(Short text fragments from websites)
____

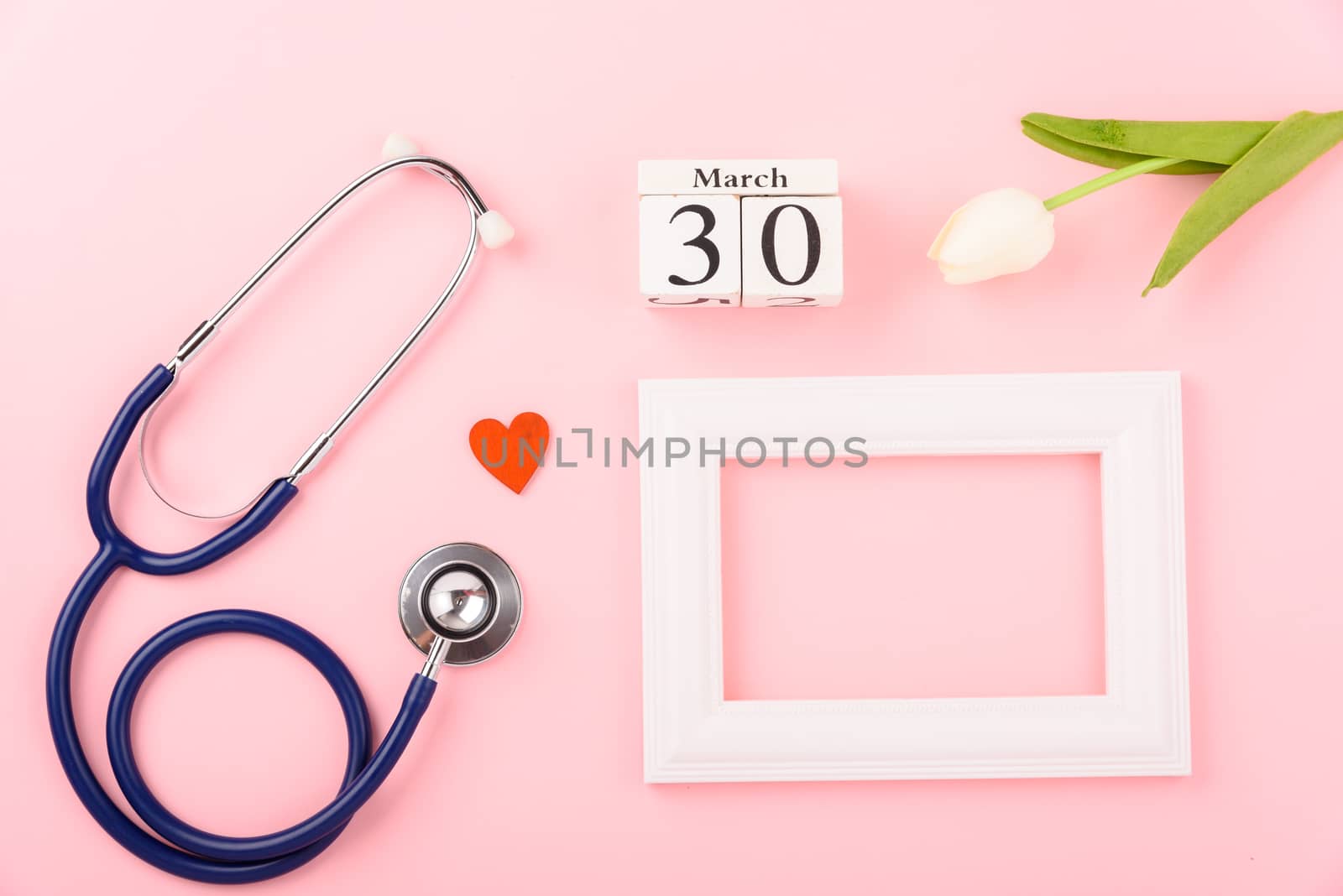 Doctor's Day concept, flat lay top view, equipment medical red heart stethoscope and photo frame on pink background, care patient in hospital with copy space for text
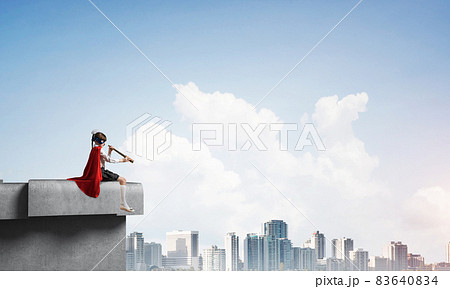 Girl power concept with cute kid guardian against cityscape background. Mixed media 83640834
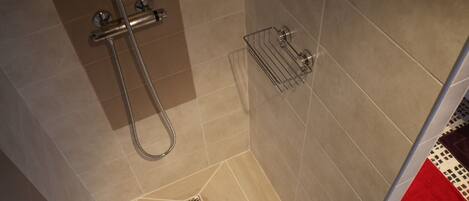 A shower with a metal hose and a metal rack on the wall.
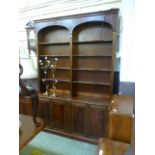 A reproduction mahogany bookcase having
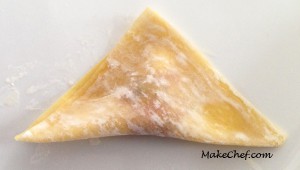 Folding dumpling into triangle.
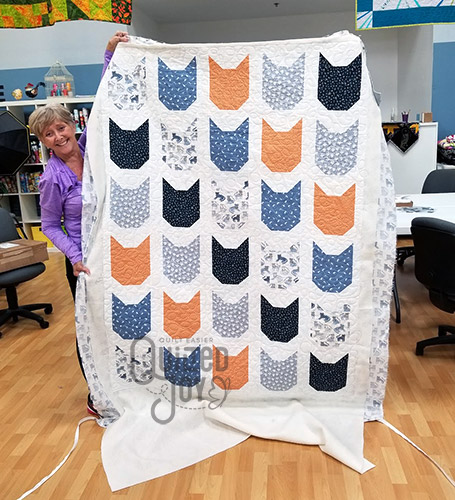 Cheri's cat quilt after longarm quilting it at Quilted Joy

____

Problem requirements:
Return every entry above exactly. Pictures stay out.

Solution to the exercise:
 Doctor's Day concept, flat lay top view, equipment medical red heart stethoscope and photo frame on pink background, care patient in hospital with copy space for text
 Girl power concept with cute kid guardian against cityscape background. Mixed media 83640834
 A shower with a metal hose and a metal rack on the wall.
 A reproduction mahogany bookcase having
 Folding dumpling into triangle.
 Cheri's cat quilt after longarm quilting it at Quilted Joy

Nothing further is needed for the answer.